_Items from a dataset:_
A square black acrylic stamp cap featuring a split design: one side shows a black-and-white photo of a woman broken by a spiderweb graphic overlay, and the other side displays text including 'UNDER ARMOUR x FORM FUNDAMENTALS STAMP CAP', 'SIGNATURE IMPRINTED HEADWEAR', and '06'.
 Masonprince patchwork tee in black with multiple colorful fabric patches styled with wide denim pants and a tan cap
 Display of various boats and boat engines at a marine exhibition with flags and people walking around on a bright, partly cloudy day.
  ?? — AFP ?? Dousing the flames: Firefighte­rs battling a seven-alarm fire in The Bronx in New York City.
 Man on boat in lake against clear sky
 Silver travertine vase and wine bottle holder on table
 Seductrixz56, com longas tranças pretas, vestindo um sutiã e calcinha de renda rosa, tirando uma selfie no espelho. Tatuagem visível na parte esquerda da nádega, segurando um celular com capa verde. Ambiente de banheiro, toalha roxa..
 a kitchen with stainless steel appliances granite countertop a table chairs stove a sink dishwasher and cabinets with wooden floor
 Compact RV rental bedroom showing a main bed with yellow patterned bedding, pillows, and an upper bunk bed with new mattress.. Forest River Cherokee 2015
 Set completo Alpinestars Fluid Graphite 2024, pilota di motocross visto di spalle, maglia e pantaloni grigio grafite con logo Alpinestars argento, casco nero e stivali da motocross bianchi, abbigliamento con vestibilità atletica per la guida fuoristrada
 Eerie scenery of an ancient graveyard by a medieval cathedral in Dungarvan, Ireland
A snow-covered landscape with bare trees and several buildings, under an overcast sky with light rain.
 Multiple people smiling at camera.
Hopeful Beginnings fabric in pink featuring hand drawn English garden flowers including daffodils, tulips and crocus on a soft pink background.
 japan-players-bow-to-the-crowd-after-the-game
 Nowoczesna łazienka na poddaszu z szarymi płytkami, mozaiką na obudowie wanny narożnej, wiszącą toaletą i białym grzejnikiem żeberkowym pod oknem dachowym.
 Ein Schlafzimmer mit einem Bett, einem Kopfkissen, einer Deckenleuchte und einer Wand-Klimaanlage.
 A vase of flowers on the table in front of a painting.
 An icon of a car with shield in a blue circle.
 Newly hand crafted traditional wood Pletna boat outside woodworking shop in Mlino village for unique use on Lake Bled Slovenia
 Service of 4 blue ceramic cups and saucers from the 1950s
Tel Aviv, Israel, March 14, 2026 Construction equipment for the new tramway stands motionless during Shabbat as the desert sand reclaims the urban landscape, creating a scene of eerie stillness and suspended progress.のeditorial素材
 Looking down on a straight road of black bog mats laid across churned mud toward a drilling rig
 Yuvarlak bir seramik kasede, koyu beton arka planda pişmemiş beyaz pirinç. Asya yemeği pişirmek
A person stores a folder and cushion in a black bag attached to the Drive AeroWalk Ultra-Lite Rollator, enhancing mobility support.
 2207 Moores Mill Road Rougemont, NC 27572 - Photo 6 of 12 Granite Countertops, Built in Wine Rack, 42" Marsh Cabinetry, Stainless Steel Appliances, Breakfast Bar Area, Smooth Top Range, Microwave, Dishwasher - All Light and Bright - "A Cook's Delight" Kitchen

_TASK STATEMENT:_ Output the lines of the records above exactly as they appear, from the line containing "Nowoczesna łazienka na" through the line containing "Service of 4".

_ANSWER AREA:_
 Nowoczesna łazienka na poddaszu z szarymi płytkami, mozaiką na obudowie wanny narożnej, wiszącą toaletą i białym grzejnikiem żeberkowym pod oknem dachowym.
 Ein Schlafzimmer mit einem Bett, einem Kopfkissen, einer Deckenleuchte und einer Wand-Klimaanlage.
 A vase of flowers on the table in front of a painting.
 An icon of a car with shield in a blue circle.
 Newly hand crafted traditional wood Pletna boat outside woodworking shop in Mlino village for unique use on Lake Bled Slovenia
 Service of 4 blue ceramic cups and saucers from the 1950s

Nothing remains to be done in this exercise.